# HMMs in Natural Language Processing

In this example we'll see how HMMs perform in one of the task they're most widely used for - part-of-speech tagging. For that purpose, we'll utilize the NLTK library, which provides a variety of tools for the purpose of NLP.

In [None]:
import numpy as np
import nltk
from nltk.corpus import treebank
from nltk.tag import hmm
from nltk.stem import PorterStemmer
nltk.data.path.append('/home/marcin/.nltk_data')
import random

As the NLTK datasets are huge, you have to download them first!

In [None]:
nltk.download()

Now, we can move on to our dataset:

In [None]:
random.seed(0)
data = list(treebank.tagged_sents()[:4000])
random.shuffle(data)
train_data = data[:3000]
test_data = data[3000:]

len(train_data), len(test_data)

In [None]:
train_data[0]

Those tags in capitals don't tell a lot! Let's inspect them:

In [None]:
all_tags = set()

for sentence in train_data:
    for word, tag in sentence:
        all_tags.add(tag)

all_tags

Thankfully, NLTK can also tell us what they mean:

In [None]:
for tag in all_tags:
    print(tag)
    nltk.help.upenn_tagset(tag)
    print()

Now that we understand the dataset, let's train a HMM on it:

In [None]:
trainer = hmm.HiddenMarkovModelTrainer()
tagger = trainer.train_supervised(train_data)
tagger

In [None]:
tagger._states
# tagger._symbols

In [None]:
print(tagger.tag("Joe met Joanne in Delhi .".split()))

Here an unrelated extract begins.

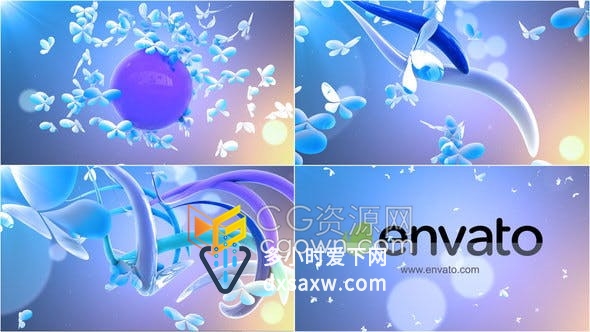 蝴蝶飞舞生长3D图形动画视频片头LOGO演绎效果-AE模板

print(tagger.tag("Chicago is the birthplace of Ginny".split()))

How does the tagger do on the training data?

In [None]:
tagger.test(train_data)

How about the test data?

In [None]:
tagger.test(test_data)

Well, this sucks.

Let's play with the data a bit to see if we can improve those results. We'll stem the words to make the datasets more uniform:

In [None]:
porter = PorterStemmer()
porter.stem('intelligence')

In [None]:
stemmed_train_data = [ [(porter.stem(word), tag) for word, tag in sent] for sent in train_data]
stemmed_test_data = [ [(porter.stem(word), tag) for word, tag in sent] for sent in test_data]

train_data[0], stemmed_train_data[0]

In [None]:
stemmed_tagger = trainer.train_supervised(stemmed_train_data)
stemmed_tagger

In [None]:
stemmed_tagger.test(stemmed_train_data)

In [None]:
stemmed_tagger.test(stemmed_test_data)